(Web page caption snippets)
▼

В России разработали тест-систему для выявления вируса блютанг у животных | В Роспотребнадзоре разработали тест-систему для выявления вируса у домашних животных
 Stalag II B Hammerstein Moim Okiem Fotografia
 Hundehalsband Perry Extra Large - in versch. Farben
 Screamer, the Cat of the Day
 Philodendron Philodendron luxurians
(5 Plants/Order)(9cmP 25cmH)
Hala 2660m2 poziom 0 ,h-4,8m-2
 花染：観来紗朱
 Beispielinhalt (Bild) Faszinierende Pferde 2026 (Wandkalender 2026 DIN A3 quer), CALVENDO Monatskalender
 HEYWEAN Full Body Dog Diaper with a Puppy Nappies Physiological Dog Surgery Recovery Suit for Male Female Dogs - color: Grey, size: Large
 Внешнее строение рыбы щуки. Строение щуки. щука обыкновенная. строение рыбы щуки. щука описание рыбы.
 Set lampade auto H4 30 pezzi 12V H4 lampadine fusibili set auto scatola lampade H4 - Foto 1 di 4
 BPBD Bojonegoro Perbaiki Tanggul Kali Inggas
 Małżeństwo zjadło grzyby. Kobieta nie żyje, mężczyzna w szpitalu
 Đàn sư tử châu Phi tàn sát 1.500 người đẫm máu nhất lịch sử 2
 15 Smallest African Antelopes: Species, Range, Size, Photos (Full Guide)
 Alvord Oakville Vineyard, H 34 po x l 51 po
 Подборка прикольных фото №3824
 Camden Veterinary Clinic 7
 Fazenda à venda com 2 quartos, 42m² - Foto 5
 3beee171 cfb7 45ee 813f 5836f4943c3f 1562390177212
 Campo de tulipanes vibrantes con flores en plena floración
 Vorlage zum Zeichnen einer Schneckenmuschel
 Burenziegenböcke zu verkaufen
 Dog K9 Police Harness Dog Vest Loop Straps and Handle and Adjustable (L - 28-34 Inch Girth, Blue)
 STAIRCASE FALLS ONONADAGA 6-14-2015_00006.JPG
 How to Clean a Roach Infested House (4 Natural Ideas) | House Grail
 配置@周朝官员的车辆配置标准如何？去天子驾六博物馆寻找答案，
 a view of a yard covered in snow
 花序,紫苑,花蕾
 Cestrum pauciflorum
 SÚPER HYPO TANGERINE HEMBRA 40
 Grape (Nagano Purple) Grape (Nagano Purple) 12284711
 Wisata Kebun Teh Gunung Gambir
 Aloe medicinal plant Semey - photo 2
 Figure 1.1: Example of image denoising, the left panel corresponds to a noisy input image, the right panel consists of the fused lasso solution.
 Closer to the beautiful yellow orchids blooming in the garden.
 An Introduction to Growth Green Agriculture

▲

**Problem details**
Transcribe the records above exactly, beginning at the line that contains "Hala 2660m2 poziom 0 ,h-4,8m-2" and ending with the line that contains "Aloe medicinal plant Semey - photo 2", both included, and nothing else.

**Solution**
Hala 2660m2 poziom 0 ,h-4,8m-2
 花染：観来紗朱
 Beispielinhalt (Bild) Faszinierende Pferde 2026 (Wandkalender 2026 DIN A3 quer), CALVENDO Monatskalender
 HEYWEAN Full Body Dog Diaper with a Puppy Nappies Physiological Dog Surgery Recovery Suit for Male Female Dogs - color: Grey, size: Large
 Внешнее строение рыбы щуки. Строение щуки. щука обыкновенная. строение рыбы щуки. щука описание рыбы.
 Set lampade auto H4 30 pezzi 12V H4 lampadine fusibili set auto scatola lampade H4 - Foto 1 di 4
 BPBD Bojonegoro Perbaiki Tanggul Kali Inggas
 Małżeństwo zjadło grzyby. Kobieta nie żyje, mężczyzna w szpitalu
 Đàn sư tử châu Phi tàn sát 1.500 người đẫm máu nhất lịch sử 2
 15 Smallest African Antelopes: Species, Range, Size, Photos (Full Guide)
 Alvord Oakville Vineyard, H 34 po x l 51 po
 Подборка прикольных фото №3824
 Camden Veterinary Clinic 7
 Fazenda à venda com 2 quartos, 42m² - Foto 5
 3beee171 cfb7 45ee 813f 5836f4943c3f 1562390177212
 Campo de tulipanes vibrantes con flores en plena floración
 Vorlage zum Zeichnen einer Schneckenmuschel
 Burenziegenböcke zu verkaufen
 Dog K9 Police Harness Dog Vest Loop Straps and Handle and Adjustable (L - 28-34 Inch Girth, Blue)
 STAIRCASE FALLS ONONADAGA 6-14-2015_00006.JPG
 How to Clean a Roach Infested House (4 Natural Ideas) | House Grail
 配置@周朝官员的车辆配置标准如何？去天子驾六博物馆寻找答案，
 a view of a yard covered in snow
 花序,紫苑,花蕾
 Cestrum pauciflorum
 SÚPER HYPO TANGERINE HEMBRA 40
 Grape (Nagano Purple) Grape (Nagano Purple) 12284711
 Wisata Kebun Teh Gunung Gambir
 Aloe medicinal plant Semey - photo 2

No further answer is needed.